■ Task to carry out ■
Repeat each record exactly as written, and drop any images.

Annotated photo localization data
- - -

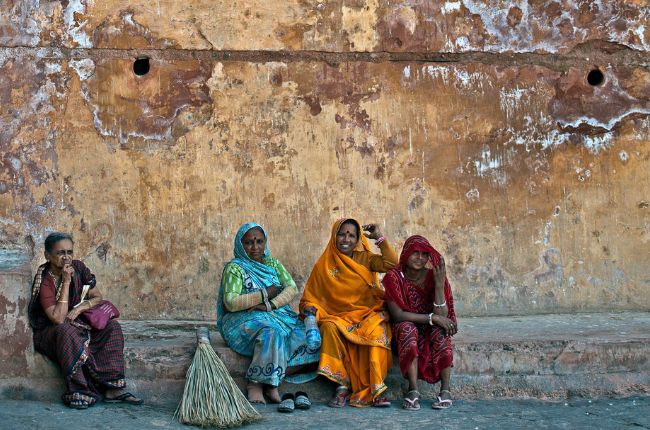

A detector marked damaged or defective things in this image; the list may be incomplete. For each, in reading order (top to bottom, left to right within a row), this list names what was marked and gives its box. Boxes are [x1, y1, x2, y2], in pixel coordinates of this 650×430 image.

peeling plaster wall [0, 0, 644, 326]
cracked wall surface [0, 0, 644, 326]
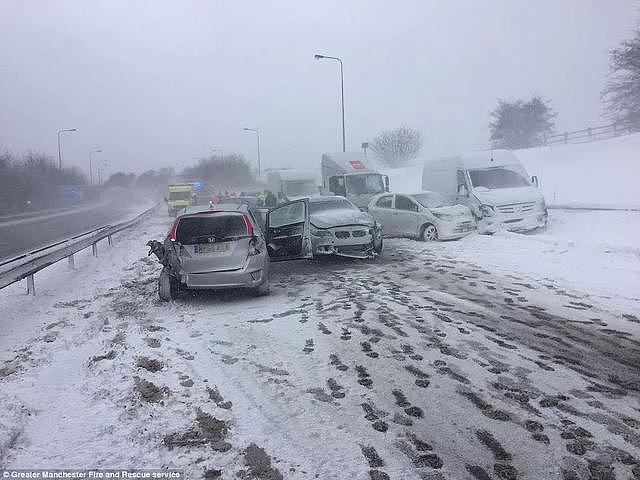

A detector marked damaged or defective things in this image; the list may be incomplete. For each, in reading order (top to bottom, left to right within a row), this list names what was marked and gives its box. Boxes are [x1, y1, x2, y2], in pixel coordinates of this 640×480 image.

crashed car [306, 195, 382, 258]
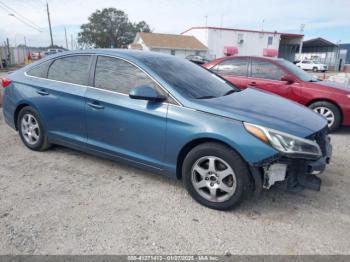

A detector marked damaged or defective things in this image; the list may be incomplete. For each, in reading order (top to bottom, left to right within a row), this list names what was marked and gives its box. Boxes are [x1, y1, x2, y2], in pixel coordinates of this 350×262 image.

damaged front bumper [250, 133, 332, 194]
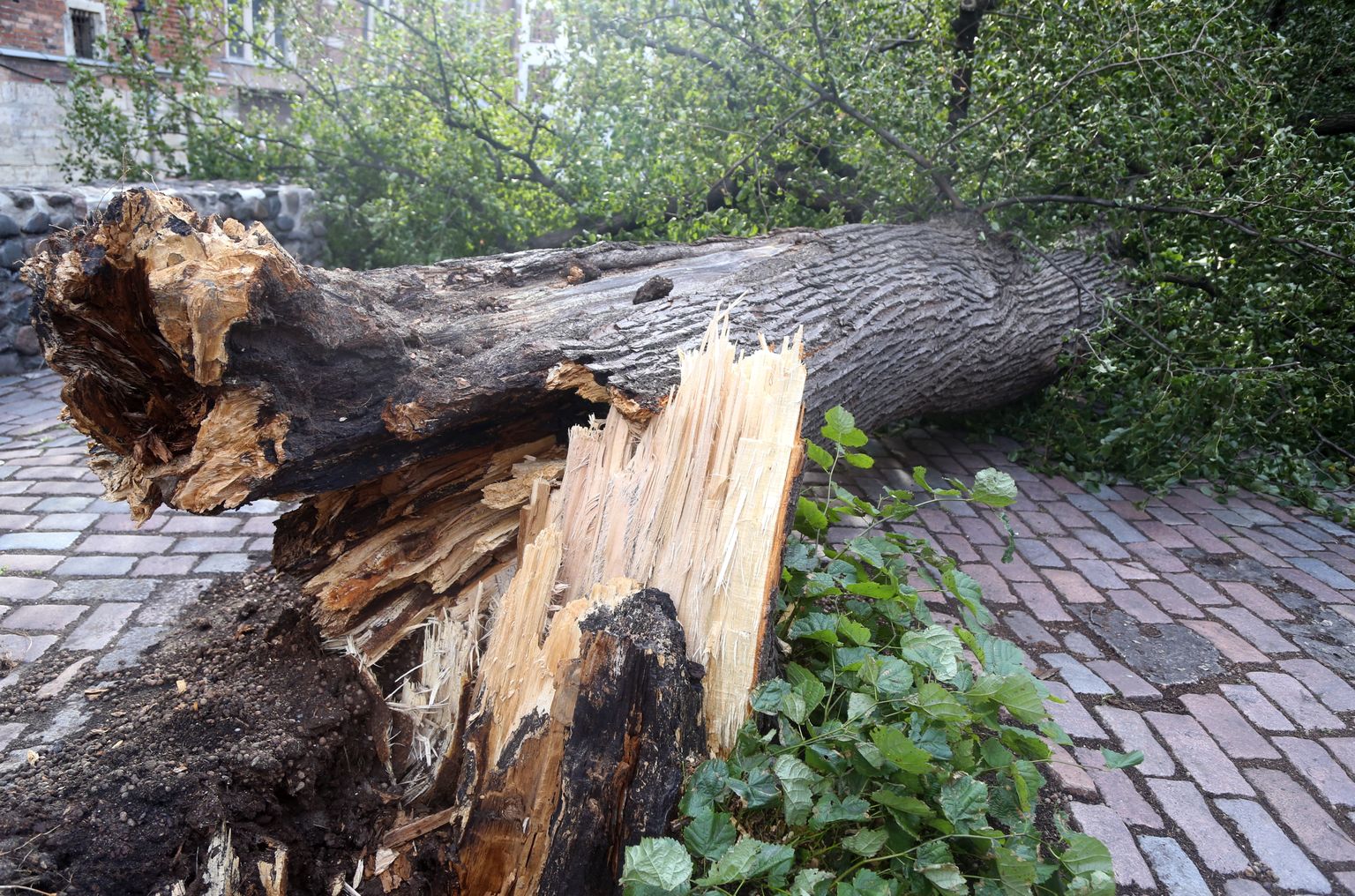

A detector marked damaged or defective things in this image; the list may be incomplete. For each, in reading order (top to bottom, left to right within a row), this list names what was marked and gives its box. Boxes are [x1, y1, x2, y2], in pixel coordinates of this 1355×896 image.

splintered wood [476, 314, 802, 753]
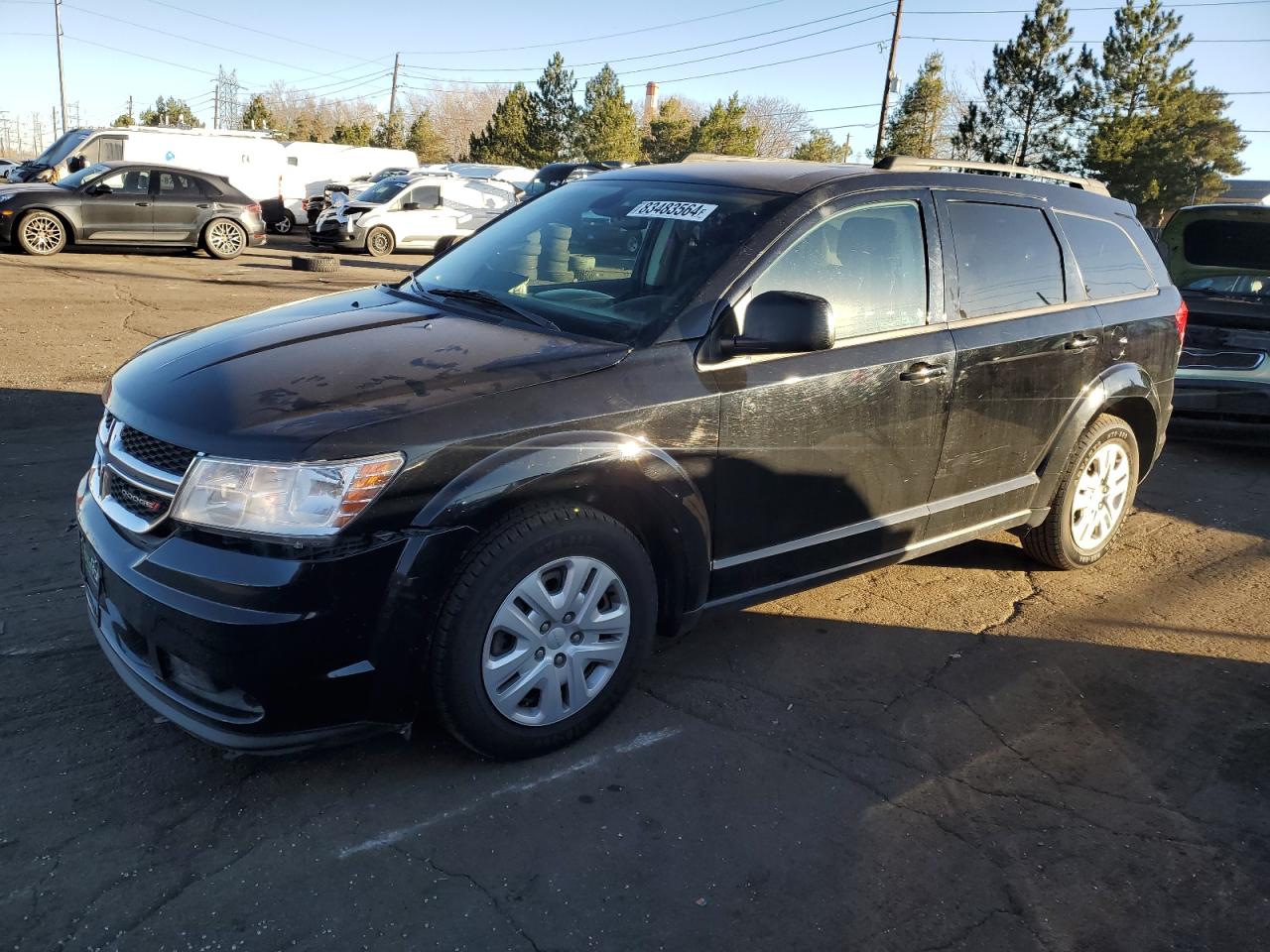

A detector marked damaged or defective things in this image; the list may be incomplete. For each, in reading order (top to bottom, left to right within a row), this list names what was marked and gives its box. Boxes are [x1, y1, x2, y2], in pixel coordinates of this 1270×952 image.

cracked asphalt [2, 240, 1270, 952]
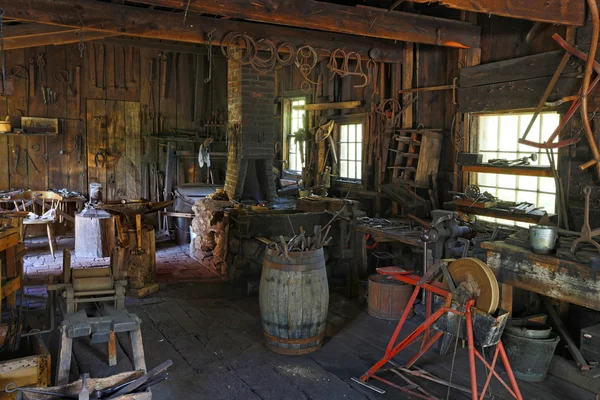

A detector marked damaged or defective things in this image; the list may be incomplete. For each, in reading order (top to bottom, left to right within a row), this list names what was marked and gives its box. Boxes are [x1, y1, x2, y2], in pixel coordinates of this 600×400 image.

rusty metal tool [568, 187, 596, 255]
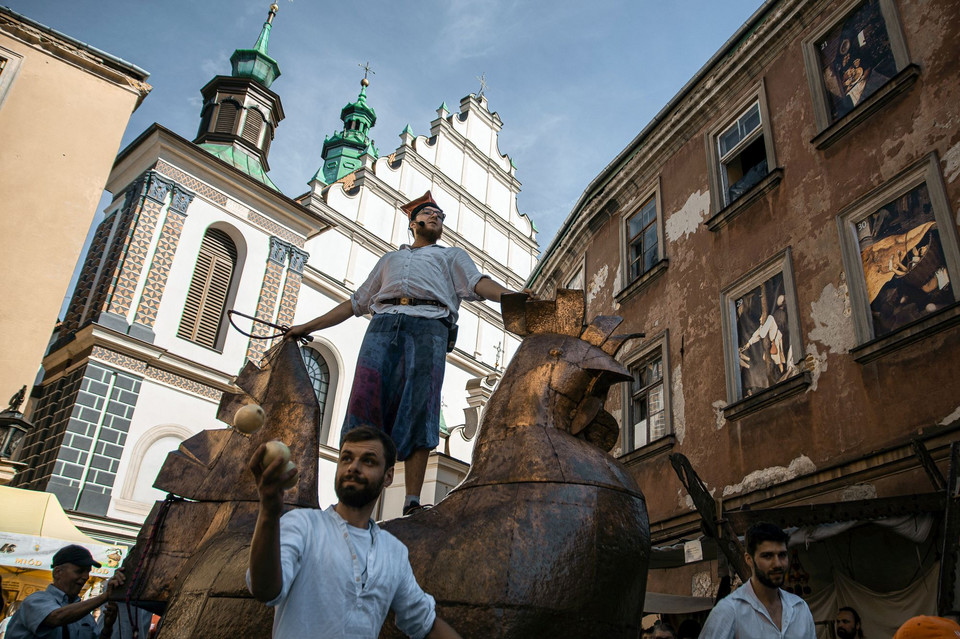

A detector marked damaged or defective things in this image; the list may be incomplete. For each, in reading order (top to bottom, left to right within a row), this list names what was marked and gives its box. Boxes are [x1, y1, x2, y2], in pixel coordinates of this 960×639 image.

peeling paint [944, 142, 960, 185]
peeling paint [664, 189, 708, 244]
peeling paint [584, 264, 608, 304]
peeling paint [808, 278, 856, 356]
peeling paint [804, 342, 824, 392]
peeling paint [672, 364, 688, 444]
peeling paint [712, 400, 728, 430]
peeling paint [936, 408, 960, 428]
rusty iron sculpture [116, 292, 648, 639]
rusty iron sculpture [378, 292, 648, 639]
peeling paint [720, 456, 816, 500]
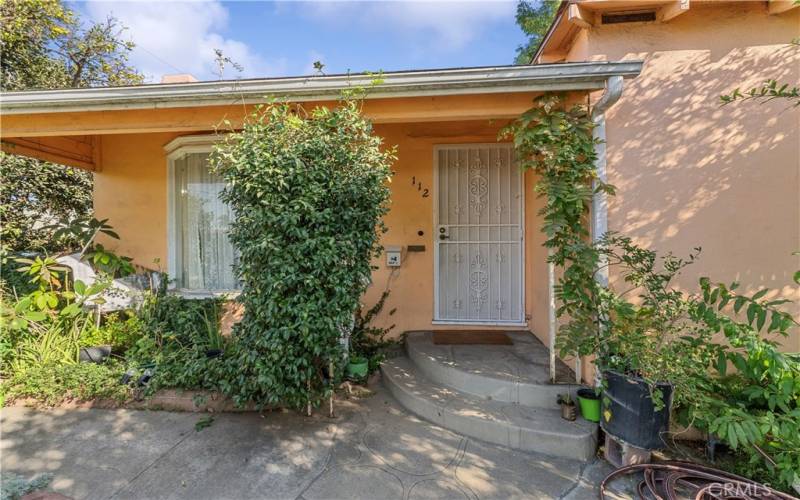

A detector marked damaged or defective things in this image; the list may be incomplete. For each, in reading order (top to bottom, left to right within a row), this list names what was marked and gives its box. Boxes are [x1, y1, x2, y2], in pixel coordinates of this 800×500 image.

cracked concrete path [1, 382, 636, 496]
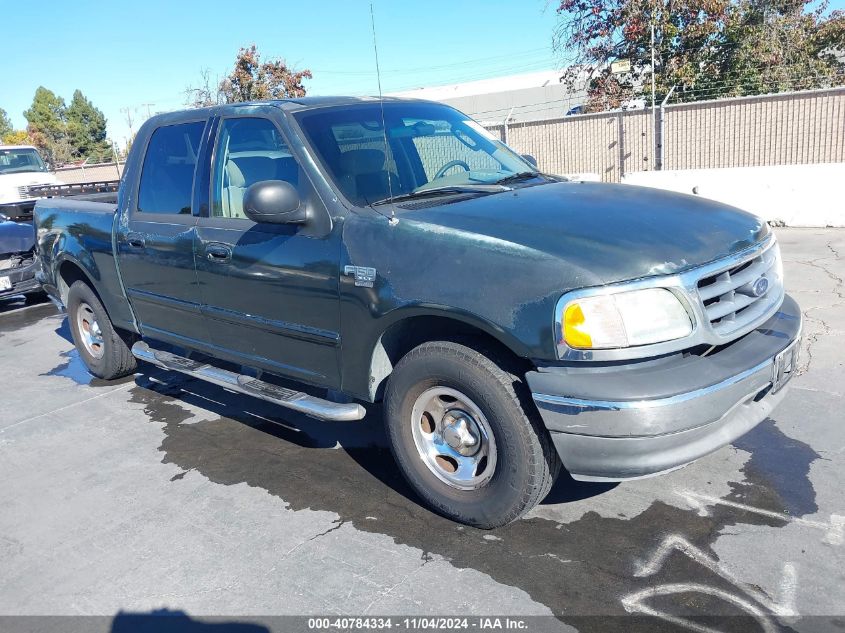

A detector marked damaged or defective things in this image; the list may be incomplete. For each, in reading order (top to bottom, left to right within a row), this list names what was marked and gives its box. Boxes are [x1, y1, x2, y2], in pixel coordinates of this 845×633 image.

cracked asphalt [0, 228, 840, 632]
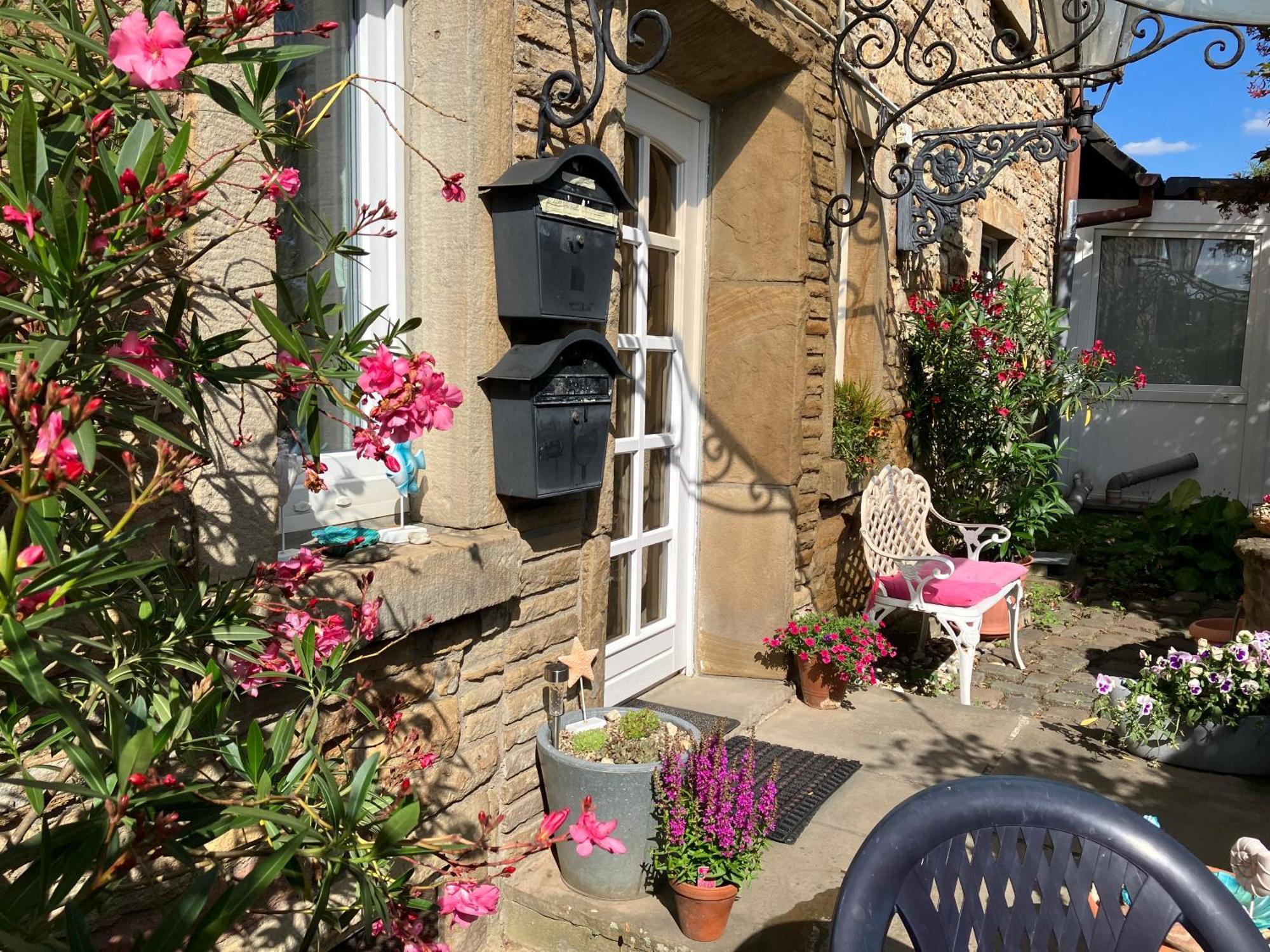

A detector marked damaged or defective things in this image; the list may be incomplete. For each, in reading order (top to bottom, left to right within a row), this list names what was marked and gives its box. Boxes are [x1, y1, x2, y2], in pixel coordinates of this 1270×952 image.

- - -

■ Solution to the problem ■
A detector marked damaged or defective things in this image; the list may be incomplete. For each, in reading order (top to bottom, left to right within a row), this list names what was marked and gives its box. Boxes are [x1, y1, x2, y2], in pixel coordinates of this 650×430 image.

peeling plaster wall [0, 0, 644, 326]
cracked wall surface [0, 0, 644, 326]

A detector marked damaged or defective things in this image; the list may be incomplete. For each, in reading order (top to bottom, left to right within a row), this list names what was marked and gives its box. Boxes are [x1, y1, x2, y2], in pixel coordinates of this 640×480 image.

crashed car [306, 195, 382, 258]

A detector marked damaged or defective things in this image; the list may be incomplete. For each, in reading order (top to bottom, left to right within a row), this list names what was marked and gives its box. Boxes are [x1, y1, x2, y2], in pixel coordinates of this 350×262 image.

damaged front bumper [250, 133, 332, 194]

A detector marked damaged or defective things in this image; the list may be incomplete. For each, in reading order (top to bottom, left to right within a row), this list names what was marked and gives its box. Boxes are [x1, y1, x2, y2], in pixel coordinates of this 1355×896 image.

splintered wood [476, 314, 802, 753]

A detector marked damaged or defective things in this image; the list may be incomplete. For each, in reading order (top to bottom, left to right within a row), this list names what was marked and gives its box. Boxes are [x1, y1, x2, y2], in pixel coordinates of this 1270×952 image.

cracked asphalt [2, 240, 1270, 952]

A detector marked damaged or defective things in this image; the list may be incomplete. For each, in reading order (top to bottom, left to right within a row), this list names what was marked and gives its box. Boxes are [x1, y1, x2, y2], in pixel coordinates of this 600×400 image.

rusty metal tool [568, 187, 596, 255]

A detector marked damaged or defective things in this image; the list may be incomplete. For each, in reading order (top to bottom, left to right within a row), this list names what was marked and gives its box. Boxes are [x1, y1, x2, y2], in pixel coordinates of this 960×639 image.

peeling paint [944, 142, 960, 185]
peeling paint [664, 189, 708, 244]
peeling paint [584, 264, 608, 304]
peeling paint [808, 278, 856, 356]
peeling paint [804, 342, 824, 392]
peeling paint [672, 364, 688, 444]
peeling paint [712, 400, 728, 430]
peeling paint [936, 408, 960, 428]
rusty iron sculpture [116, 292, 648, 639]
rusty iron sculpture [378, 292, 648, 639]
peeling paint [720, 456, 816, 500]

A detector marked damaged or defective things in this image; the list may be incomplete. For each, in reading order (top to bottom, left to right within a row), this list names what was marked and gives its box. Boxes are [x1, y1, x2, y2], in pixel coordinates of this 800×500 image.

cracked concrete path [1, 382, 636, 496]

A detector marked damaged or defective things in this image; the list may be incomplete. For each, in reading order (top to bottom, left to right within a row), this list names what was marked and gives its box. Boxes are [x1, y1, x2, y2], in pixel coordinates of this 845×633 image.

cracked asphalt [0, 228, 840, 632]

A detector marked damaged or defective things in this image; the list may be incomplete. For each, in reading order (top to bottom, left to right within a row), this list names what was marked and gives its box. Boxes are [x1, y1, x2, y2], in pixel coordinates of this 1270×952 image.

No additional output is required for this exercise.